• Data segment:
Start of Block
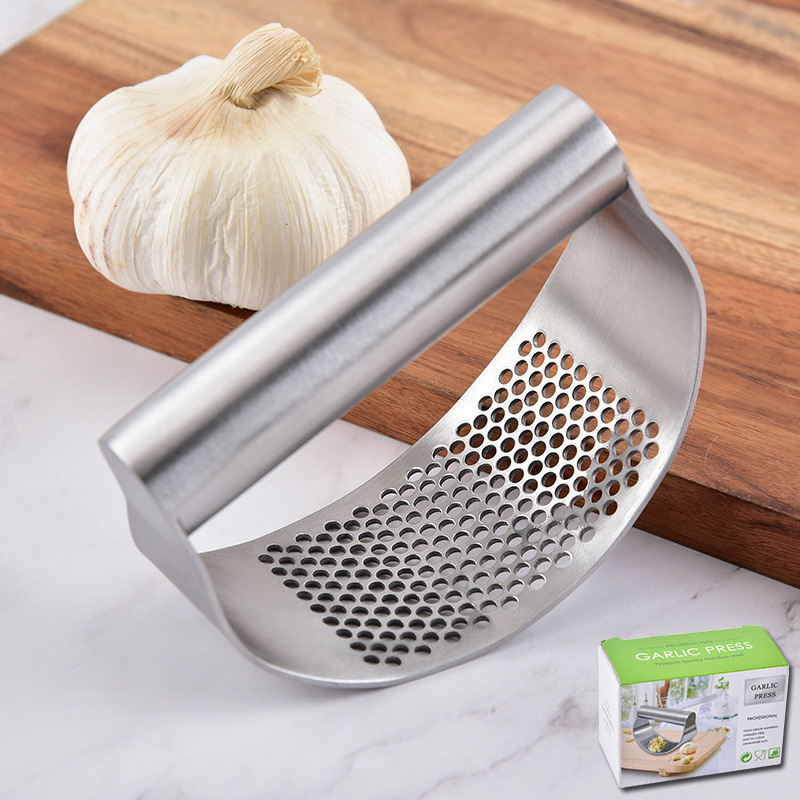 Hot Selling Kitchen Gadgets Multi-function Stainless Steel  Garlic Press Rocker With Silicone Peeler And Cleaning Brush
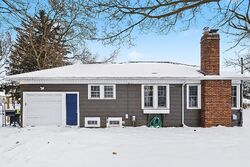  E Milham Ave, Portage MI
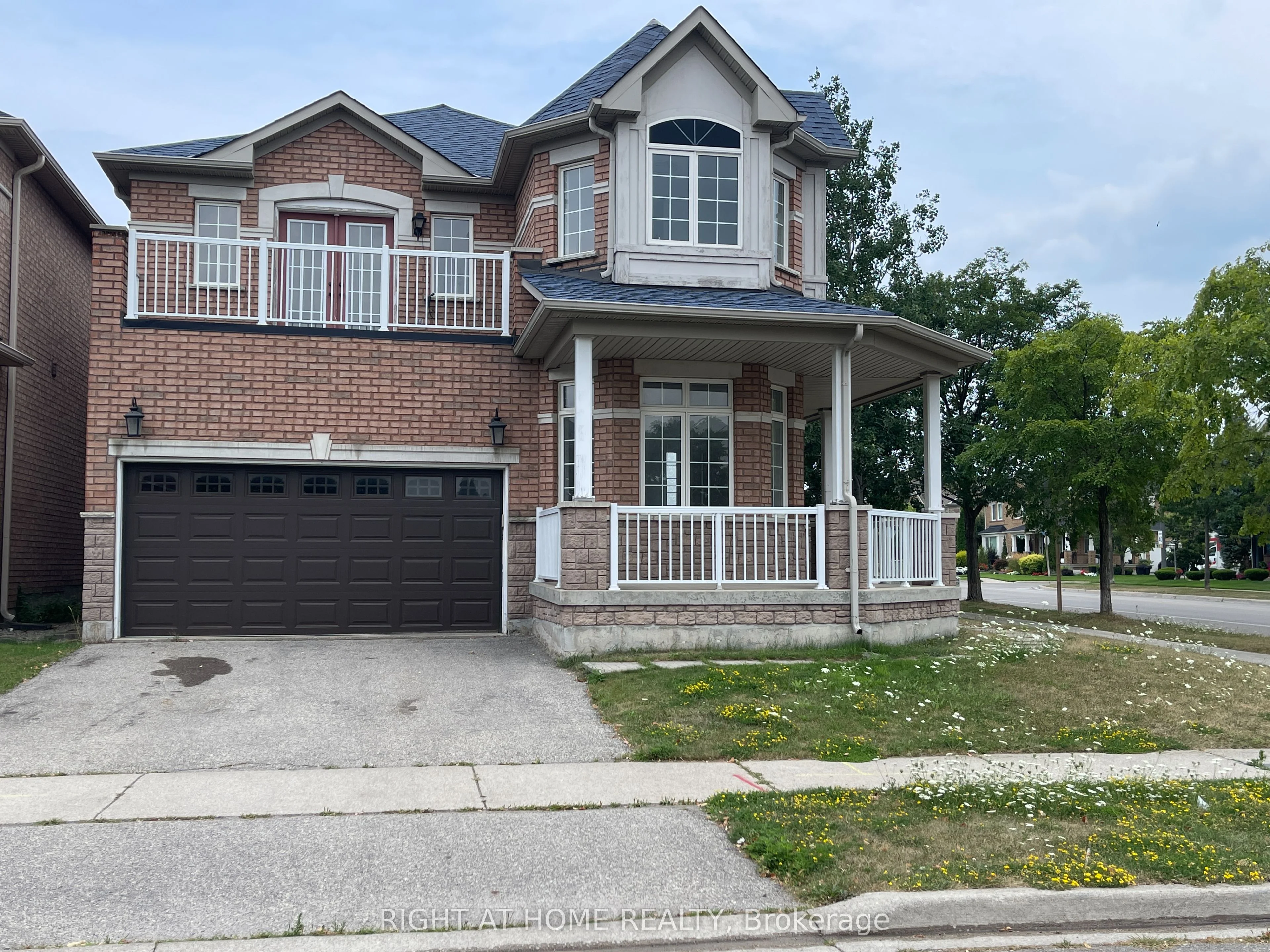 5761 Churchill Meadows Boulevard, Mississauga, ON L5M 7A4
End of Block
Omit the pictures and output all remaining material exactly.

• Your response:
 Hot Selling Kitchen Gadgets Multi-function Stainless Steel  Garlic Press Rocker With Silicone Peeler And Cleaning Brush
  E Milham Ave, Portage MI
 5761 Churchill Meadows Boulevard, Mississauga, ON L5M 7A4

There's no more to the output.